Mir geht es vor allem um den Basketball in Österreich. Ich weiß nicht, ob ich gleich den Ruf von ganz Österreich verbessern oder das Land repräsentieren kann. Das ist vielleicht etwas zu viel verlangt für einen Einzelnen. Dirk ist aber ein sehr gutes Beispiel, er hat Basketball in Deutschland mit seinem Erfolg in der NBA unglaublich populär gemacht. Wenn ich das gleiche für Österreich erreichen kann, wäre das eine tolle Sache. Ich will jeden Tag hart arbeiten, mich jeden Tag voll einsetzen. Mit meinem eigenen Engagement in Österreich können wir da noch einige Schritte voranmachen. Ich hoffe, dass der österreichische Basketball noch um einiges größer wird. Das Potenzial ist jedenfalls da.

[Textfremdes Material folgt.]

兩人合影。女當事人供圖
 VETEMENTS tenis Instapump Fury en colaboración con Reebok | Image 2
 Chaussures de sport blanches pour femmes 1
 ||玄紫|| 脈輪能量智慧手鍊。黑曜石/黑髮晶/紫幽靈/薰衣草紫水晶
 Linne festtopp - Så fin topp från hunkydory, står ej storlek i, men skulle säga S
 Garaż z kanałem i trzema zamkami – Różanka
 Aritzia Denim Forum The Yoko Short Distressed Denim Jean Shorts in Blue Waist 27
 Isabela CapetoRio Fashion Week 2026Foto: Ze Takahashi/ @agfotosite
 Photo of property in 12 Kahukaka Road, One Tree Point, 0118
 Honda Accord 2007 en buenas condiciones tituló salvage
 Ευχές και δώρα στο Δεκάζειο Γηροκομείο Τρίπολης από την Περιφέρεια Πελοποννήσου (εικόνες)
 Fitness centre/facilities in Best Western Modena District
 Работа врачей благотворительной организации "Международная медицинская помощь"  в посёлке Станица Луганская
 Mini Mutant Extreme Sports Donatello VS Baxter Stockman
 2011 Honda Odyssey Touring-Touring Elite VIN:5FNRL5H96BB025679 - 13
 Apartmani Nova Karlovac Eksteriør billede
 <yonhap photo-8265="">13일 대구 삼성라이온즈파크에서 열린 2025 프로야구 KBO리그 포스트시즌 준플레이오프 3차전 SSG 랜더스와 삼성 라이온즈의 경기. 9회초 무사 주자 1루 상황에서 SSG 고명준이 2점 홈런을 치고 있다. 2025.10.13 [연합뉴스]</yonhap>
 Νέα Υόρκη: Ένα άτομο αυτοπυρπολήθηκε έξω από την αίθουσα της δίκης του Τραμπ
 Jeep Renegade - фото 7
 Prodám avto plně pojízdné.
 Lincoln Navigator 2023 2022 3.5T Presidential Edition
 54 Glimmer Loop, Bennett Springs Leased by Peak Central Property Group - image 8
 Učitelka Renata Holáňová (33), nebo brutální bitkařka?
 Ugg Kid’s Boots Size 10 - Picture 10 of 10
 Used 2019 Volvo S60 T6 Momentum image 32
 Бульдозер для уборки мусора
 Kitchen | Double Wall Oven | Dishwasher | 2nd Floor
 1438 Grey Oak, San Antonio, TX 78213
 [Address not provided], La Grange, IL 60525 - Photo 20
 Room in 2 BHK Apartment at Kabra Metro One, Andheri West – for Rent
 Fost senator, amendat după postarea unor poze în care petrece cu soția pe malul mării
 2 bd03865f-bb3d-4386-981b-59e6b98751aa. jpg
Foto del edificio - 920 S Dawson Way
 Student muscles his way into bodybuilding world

Jakob Pöltl wurde am 15. Oktober 1995 in Wien geboren, seine Eltern spielten beide im Volleyball-Nationalteam. Den Durchbruch schaffte der 2,13 Meter große Center in Traiskirchen. Nach der B-EM der Unter-18-Jährigen bekam er ein Angebot der University of Utah. In Salt Lake City reifte er zu einem der besten College-Spieler seines Jahrgangs, er erhielt mehrere Preise.
Am 23. Juni 2016 machten ihn die Toronto Raptors zum ersten NBA-Profi aus Österreich. In seiner ersten Saison erreichte das Team aus Kanada das Semifinale der Eastern Conference.